[Data entries]
^^^^^^^^^^^^^^^^

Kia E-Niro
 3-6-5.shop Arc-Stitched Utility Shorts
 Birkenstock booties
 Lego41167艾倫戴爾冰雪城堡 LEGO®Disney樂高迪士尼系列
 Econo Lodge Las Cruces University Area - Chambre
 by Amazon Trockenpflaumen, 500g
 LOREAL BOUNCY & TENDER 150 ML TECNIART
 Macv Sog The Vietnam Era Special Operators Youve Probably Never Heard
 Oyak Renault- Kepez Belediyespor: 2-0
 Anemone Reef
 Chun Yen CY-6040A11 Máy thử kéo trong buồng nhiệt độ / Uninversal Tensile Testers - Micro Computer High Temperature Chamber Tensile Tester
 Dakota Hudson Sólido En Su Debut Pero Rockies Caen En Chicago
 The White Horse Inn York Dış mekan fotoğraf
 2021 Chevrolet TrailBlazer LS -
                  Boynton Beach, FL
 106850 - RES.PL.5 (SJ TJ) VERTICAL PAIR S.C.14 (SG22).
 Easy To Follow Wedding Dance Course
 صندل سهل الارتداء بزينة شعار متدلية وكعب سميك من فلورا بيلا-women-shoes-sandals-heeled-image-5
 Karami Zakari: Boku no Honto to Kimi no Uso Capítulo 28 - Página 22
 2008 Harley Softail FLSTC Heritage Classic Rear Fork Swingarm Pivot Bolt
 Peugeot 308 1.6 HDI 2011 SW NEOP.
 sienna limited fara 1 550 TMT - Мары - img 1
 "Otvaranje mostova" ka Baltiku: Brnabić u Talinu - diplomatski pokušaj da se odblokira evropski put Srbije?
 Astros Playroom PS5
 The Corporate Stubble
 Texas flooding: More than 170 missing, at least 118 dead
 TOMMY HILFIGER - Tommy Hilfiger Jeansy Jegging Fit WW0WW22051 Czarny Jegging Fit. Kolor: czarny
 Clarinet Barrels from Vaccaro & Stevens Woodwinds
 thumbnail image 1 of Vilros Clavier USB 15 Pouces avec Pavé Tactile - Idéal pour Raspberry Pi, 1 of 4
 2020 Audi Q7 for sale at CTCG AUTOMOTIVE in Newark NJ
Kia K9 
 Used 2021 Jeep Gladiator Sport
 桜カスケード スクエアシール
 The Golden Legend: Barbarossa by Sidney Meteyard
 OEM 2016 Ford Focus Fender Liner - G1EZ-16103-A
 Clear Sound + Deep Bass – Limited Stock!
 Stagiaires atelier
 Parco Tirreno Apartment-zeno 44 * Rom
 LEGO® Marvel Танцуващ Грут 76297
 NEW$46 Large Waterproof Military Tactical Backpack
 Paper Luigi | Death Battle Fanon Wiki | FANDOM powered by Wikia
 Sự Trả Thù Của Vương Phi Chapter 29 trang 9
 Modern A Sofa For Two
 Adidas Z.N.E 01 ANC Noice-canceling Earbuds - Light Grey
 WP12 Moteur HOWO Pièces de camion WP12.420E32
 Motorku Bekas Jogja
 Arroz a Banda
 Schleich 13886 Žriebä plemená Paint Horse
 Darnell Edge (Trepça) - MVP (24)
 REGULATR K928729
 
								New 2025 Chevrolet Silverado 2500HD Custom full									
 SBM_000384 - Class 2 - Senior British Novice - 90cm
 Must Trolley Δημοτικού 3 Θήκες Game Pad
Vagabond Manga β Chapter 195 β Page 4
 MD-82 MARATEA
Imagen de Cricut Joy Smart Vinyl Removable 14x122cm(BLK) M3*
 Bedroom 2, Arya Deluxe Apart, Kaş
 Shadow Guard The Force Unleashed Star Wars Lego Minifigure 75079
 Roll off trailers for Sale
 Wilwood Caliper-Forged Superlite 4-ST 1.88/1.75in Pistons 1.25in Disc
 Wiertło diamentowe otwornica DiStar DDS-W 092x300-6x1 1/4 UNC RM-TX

^^^^^^^^^^^^^^^^

Find every line above where the word "Horse" occurs, and copy that line.

[The answer]
 The White Horse Inn York Dış mekan fotoğraf
 Schleich 13886 Žriebä plemená Paint Horse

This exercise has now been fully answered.